[INPUT DATA — start]

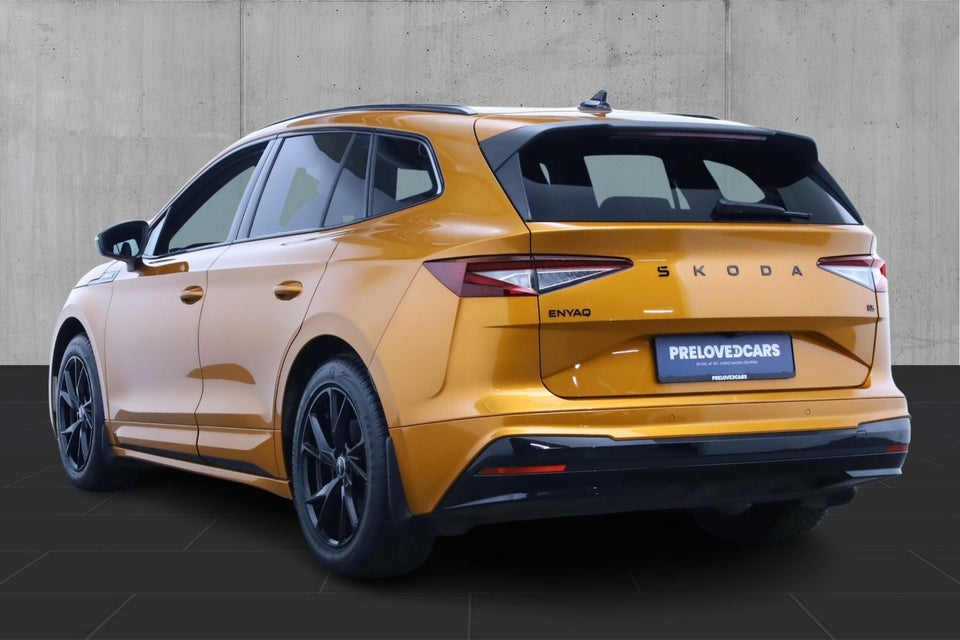 Skoda Enyaq 85 iV Sportline 5d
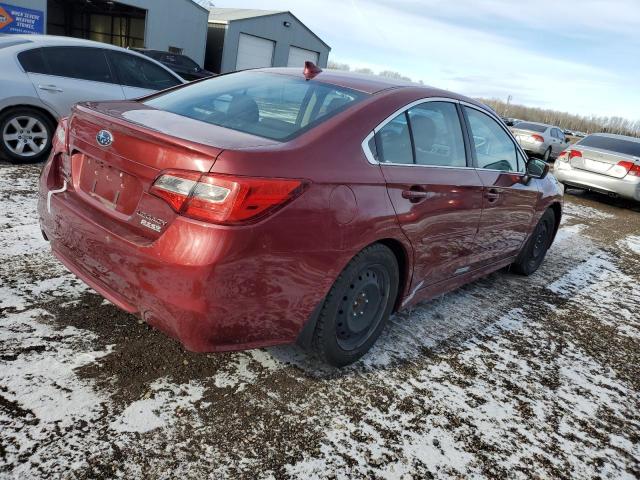 Photo 3 from auction – 2017 SUBARU LEGACY 2.5 with VIN 4S3BNAC61H3009459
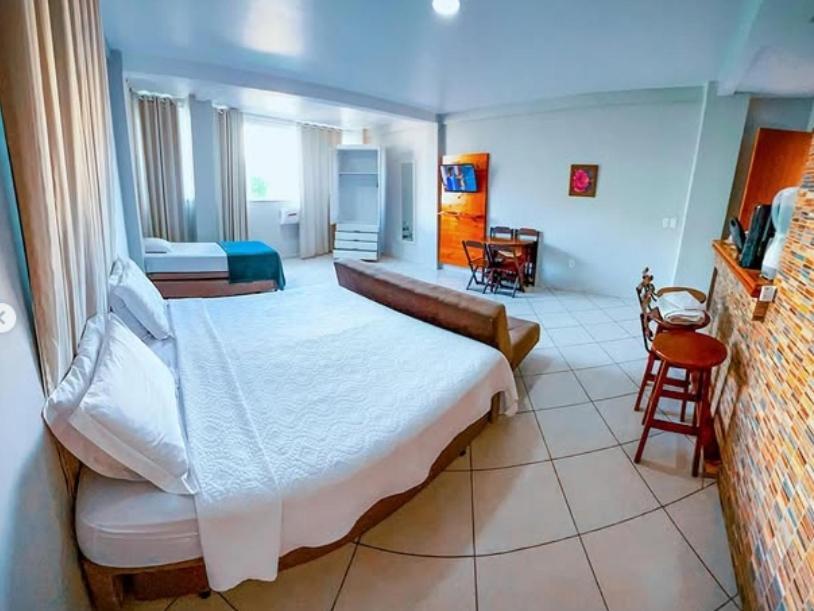 Pousada Loft Praia Dos Anjos อาร์ไฮยัล โด กาโบ ภายนอก รูปภาพ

[INPUT DATA — finish]

__HOW TO COMPLETE THIS TASK__
Retype the entire listing exactly as it appears, dropping only the pictures.

__ANSWER BELOW__
 Skoda Enyaq 85 iV Sportline 5d
 Photo 3 from auction – 2017 SUBARU LEGACY 2.5 with VIN 4S3BNAC61H3009459
 Pousada Loft Praia Dos Anjos อาร์ไฮยัล โด กาโบ ภายนอก รูปภาพ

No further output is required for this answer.